Wednesday, June 07, 2006

An Open Letter To McSweeneys

Continuing on...

Despite the disappointing ending, the night was fun, and I continued to click on the McSweeney's website every day. When I became employed, I used some of my new income to subscribe to the quarterly journal. The first issue I received was #13, an issue entirely devoted to comics -- not something I'd usually read, but it was entertaining. Number 14 was solid. I found my name in issue #15; I should have known that marked the beginning of the end. Number 16 was awkwardly packaged and contained a plastic comb.

Issue #17 was packaged as a bundle of mail, and was short on the short stories. I ended up throwing most of it in the garbage -- which is where I anticipate placing much of the current quarterly. Issue #19 comes in a cigar box, and consists largely off odd, old pamphlets and public records. A grand total of four works of fiction are included, and I enjoyed only one of them.

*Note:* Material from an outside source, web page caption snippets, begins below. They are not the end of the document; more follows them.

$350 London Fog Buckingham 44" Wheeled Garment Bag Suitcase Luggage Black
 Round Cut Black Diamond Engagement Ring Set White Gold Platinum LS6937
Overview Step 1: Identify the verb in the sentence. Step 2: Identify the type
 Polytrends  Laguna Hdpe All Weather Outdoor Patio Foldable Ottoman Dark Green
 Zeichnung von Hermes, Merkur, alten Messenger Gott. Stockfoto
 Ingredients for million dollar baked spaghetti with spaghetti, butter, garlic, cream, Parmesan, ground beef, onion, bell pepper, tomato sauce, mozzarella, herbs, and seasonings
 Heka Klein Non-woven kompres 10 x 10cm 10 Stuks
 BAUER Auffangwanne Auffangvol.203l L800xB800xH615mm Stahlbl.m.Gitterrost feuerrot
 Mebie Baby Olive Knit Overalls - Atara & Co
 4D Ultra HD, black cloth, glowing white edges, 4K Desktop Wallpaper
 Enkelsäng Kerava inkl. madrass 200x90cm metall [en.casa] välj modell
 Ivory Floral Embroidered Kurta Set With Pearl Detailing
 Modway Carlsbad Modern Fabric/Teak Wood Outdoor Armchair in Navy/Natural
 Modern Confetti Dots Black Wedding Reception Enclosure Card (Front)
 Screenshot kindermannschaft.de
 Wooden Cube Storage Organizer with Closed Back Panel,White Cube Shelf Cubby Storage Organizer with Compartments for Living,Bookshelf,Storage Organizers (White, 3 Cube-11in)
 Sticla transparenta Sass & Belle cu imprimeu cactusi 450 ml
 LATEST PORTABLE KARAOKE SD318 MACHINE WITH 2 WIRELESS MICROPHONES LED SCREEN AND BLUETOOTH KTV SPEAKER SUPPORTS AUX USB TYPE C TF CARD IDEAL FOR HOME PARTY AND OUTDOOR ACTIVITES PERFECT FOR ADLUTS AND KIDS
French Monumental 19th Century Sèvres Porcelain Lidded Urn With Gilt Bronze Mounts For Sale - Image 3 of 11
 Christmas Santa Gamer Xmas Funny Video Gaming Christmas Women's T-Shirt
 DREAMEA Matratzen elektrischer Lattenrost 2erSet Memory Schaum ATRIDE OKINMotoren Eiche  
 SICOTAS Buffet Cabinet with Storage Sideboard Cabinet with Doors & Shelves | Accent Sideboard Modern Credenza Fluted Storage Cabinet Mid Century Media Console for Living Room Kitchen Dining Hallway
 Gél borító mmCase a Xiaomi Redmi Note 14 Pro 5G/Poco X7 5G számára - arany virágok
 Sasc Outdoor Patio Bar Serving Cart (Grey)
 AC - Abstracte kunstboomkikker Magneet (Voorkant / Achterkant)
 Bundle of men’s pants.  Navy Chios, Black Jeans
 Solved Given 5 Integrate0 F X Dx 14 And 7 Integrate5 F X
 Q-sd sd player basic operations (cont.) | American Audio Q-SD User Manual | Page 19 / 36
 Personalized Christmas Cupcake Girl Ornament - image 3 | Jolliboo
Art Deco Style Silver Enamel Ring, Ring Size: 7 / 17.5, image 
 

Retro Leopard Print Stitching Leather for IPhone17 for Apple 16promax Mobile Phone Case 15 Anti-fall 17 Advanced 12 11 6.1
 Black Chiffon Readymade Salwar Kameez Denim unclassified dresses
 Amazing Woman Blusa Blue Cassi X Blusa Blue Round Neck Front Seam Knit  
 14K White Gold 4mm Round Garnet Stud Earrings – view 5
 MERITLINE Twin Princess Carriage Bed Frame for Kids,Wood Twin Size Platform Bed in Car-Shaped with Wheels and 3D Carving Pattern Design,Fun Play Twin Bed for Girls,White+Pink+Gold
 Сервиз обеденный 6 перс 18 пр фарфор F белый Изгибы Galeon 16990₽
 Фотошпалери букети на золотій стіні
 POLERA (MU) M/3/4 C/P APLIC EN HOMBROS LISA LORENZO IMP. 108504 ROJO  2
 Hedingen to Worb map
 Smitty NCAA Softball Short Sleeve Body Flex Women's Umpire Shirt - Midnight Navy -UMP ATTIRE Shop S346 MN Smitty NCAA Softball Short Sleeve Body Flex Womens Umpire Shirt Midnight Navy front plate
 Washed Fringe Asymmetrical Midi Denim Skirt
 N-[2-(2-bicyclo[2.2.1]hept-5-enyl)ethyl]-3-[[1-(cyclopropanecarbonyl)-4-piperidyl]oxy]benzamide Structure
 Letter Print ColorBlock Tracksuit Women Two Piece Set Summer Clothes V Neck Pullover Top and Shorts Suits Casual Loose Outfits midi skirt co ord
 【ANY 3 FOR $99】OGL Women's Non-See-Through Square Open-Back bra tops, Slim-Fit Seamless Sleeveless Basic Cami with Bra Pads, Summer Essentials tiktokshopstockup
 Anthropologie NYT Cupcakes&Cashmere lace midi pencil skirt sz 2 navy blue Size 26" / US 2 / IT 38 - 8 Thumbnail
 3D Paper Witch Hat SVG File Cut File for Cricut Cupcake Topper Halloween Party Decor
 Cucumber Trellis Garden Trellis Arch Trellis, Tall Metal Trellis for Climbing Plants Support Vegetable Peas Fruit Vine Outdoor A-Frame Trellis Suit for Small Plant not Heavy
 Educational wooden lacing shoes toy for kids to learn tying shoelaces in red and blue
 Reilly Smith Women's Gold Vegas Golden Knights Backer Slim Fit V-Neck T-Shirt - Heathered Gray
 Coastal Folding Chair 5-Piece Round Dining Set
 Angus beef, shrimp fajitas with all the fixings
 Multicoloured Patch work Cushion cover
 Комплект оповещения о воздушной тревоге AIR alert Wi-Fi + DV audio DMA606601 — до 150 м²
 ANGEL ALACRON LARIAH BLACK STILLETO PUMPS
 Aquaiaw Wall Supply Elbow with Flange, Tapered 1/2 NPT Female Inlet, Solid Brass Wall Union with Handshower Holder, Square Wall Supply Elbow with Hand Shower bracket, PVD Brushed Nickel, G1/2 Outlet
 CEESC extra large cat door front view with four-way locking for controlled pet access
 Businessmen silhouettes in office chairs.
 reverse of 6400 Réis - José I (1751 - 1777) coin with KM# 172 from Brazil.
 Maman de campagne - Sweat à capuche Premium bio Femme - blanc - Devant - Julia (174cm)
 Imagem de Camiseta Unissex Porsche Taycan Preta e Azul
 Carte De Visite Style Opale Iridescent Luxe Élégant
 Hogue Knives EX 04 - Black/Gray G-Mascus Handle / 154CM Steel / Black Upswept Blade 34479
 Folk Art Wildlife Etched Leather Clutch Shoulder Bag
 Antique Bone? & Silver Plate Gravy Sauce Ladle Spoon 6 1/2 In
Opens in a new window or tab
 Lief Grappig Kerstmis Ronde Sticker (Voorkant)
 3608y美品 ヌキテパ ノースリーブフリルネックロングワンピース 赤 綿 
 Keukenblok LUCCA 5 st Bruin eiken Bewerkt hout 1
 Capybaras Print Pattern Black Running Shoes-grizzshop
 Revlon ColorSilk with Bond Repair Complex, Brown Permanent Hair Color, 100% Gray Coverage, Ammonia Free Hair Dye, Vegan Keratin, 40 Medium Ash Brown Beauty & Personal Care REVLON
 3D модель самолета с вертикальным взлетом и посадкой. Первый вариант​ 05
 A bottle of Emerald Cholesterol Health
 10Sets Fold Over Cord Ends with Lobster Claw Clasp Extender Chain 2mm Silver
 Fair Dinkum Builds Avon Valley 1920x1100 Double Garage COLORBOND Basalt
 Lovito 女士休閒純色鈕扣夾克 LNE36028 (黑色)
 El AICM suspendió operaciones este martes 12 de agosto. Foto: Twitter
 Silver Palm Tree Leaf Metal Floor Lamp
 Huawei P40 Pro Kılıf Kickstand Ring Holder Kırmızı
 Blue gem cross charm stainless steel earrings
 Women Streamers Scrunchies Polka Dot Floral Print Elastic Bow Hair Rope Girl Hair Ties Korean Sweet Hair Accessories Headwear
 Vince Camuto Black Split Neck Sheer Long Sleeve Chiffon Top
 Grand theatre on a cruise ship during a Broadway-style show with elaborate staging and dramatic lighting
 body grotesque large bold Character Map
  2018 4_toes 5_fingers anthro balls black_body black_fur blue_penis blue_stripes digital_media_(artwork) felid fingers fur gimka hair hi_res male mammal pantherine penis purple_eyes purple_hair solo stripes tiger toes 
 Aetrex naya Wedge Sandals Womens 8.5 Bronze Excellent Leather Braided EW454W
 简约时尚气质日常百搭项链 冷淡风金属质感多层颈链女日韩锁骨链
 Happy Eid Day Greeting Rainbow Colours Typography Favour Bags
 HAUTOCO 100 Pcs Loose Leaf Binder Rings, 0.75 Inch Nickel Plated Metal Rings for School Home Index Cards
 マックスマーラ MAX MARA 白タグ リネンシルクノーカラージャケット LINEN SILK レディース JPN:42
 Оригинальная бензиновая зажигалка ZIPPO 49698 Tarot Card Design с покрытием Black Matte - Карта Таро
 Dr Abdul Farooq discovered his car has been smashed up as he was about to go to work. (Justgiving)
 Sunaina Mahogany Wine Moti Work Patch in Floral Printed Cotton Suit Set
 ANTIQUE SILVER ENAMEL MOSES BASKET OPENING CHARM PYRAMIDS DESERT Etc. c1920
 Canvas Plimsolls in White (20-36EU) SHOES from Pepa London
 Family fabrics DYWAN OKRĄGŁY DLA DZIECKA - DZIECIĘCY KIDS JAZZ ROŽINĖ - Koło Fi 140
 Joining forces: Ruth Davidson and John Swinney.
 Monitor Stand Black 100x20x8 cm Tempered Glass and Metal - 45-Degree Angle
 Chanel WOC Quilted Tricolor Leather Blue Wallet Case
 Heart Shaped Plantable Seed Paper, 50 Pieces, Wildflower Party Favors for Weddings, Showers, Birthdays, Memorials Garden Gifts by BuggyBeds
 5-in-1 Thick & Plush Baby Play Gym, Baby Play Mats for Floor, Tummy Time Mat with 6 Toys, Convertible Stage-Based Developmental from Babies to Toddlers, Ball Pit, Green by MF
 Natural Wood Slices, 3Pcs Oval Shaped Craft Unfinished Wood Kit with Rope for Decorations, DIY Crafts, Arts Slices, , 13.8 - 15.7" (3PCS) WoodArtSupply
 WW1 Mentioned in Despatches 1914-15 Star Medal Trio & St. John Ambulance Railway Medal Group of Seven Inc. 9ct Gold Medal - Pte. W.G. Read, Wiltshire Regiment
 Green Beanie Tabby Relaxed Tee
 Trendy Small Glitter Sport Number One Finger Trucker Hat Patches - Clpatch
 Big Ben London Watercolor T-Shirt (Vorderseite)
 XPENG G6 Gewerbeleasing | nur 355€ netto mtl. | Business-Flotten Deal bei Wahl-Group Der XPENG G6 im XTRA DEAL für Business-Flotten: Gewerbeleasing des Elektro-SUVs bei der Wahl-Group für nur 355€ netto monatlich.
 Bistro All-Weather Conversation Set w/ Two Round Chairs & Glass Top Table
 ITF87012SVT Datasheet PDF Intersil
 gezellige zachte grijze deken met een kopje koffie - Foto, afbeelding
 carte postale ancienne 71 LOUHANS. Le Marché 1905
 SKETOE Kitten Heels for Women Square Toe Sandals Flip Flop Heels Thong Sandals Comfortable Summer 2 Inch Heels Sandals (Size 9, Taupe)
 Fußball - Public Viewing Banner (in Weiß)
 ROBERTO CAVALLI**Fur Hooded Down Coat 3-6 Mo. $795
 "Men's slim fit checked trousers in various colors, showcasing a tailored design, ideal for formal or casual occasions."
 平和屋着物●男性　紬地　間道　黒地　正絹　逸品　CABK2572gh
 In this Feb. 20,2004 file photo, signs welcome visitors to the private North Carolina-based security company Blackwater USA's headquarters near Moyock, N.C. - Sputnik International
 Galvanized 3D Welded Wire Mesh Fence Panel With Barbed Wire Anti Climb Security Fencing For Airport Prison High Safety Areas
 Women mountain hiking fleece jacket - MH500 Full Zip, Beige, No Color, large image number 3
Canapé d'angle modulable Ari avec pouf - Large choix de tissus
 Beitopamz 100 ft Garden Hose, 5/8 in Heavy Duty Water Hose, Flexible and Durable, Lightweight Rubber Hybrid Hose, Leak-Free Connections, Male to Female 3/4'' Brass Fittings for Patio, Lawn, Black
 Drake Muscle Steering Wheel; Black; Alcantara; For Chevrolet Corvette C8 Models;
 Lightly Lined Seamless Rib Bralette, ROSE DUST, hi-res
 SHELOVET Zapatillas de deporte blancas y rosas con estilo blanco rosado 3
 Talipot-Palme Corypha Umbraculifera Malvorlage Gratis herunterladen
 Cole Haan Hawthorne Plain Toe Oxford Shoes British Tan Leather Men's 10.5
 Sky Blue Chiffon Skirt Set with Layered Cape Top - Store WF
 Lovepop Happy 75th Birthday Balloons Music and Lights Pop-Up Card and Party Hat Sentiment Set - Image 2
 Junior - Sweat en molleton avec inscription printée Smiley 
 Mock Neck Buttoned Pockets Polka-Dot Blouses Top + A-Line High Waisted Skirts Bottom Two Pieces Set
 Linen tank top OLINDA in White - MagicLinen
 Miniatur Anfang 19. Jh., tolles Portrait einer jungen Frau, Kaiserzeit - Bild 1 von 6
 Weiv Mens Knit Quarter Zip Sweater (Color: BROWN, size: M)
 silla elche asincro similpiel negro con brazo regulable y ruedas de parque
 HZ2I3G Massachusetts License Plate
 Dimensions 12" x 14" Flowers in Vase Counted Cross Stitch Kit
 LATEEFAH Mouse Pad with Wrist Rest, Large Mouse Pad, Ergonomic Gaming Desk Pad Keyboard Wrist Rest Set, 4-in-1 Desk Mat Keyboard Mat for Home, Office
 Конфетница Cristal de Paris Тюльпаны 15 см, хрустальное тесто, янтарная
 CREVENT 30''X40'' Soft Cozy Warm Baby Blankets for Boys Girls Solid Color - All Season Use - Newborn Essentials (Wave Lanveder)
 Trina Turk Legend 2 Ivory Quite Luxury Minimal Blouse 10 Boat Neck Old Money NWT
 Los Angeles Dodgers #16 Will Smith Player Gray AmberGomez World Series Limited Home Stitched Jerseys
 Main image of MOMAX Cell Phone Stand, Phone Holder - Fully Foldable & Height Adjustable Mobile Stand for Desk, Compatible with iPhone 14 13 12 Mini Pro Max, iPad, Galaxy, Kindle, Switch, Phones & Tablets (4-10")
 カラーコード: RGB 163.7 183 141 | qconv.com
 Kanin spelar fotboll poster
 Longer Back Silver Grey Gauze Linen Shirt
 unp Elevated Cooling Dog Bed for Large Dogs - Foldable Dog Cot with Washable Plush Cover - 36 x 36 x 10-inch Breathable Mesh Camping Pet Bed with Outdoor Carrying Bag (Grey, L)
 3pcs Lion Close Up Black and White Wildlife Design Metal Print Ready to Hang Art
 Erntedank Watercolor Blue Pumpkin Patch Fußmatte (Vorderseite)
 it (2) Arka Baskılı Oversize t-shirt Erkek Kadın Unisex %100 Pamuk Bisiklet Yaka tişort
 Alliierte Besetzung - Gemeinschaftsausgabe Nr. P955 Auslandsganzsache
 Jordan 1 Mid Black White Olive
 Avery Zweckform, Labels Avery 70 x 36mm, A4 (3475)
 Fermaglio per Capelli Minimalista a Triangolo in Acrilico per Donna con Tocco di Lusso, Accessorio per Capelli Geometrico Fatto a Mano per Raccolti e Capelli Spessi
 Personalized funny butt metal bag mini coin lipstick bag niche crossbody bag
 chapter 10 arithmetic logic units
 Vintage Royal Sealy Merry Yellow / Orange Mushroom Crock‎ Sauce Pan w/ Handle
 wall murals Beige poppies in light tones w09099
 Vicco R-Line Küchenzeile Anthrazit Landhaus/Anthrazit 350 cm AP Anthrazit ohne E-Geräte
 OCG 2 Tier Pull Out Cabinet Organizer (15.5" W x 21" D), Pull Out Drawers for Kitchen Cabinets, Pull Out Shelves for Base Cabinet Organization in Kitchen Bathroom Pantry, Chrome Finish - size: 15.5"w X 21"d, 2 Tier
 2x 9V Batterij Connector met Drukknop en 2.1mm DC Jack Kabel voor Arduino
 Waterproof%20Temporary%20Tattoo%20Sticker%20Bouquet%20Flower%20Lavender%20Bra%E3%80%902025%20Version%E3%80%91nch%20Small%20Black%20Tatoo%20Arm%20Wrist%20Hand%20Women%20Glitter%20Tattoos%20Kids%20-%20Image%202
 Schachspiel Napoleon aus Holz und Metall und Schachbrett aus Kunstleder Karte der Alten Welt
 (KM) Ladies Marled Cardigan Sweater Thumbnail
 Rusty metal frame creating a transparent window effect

My point (finally), is that I, a loyal, pretentious McSweeneyite, paid for a subscription to a literary journal, and now receive an interesting but forgettable piece of art every three months. I want my fiction back. I want my attractive-yet-traditionally-bound volumes back. Please, Dave -- all you've ever done for me is write my favorite book, sign one of my favorite books, and edit the quarterly that consumes the vast majority of my leisurely reading time. Do me a favor. Think outside the cigar box. Simplify, man!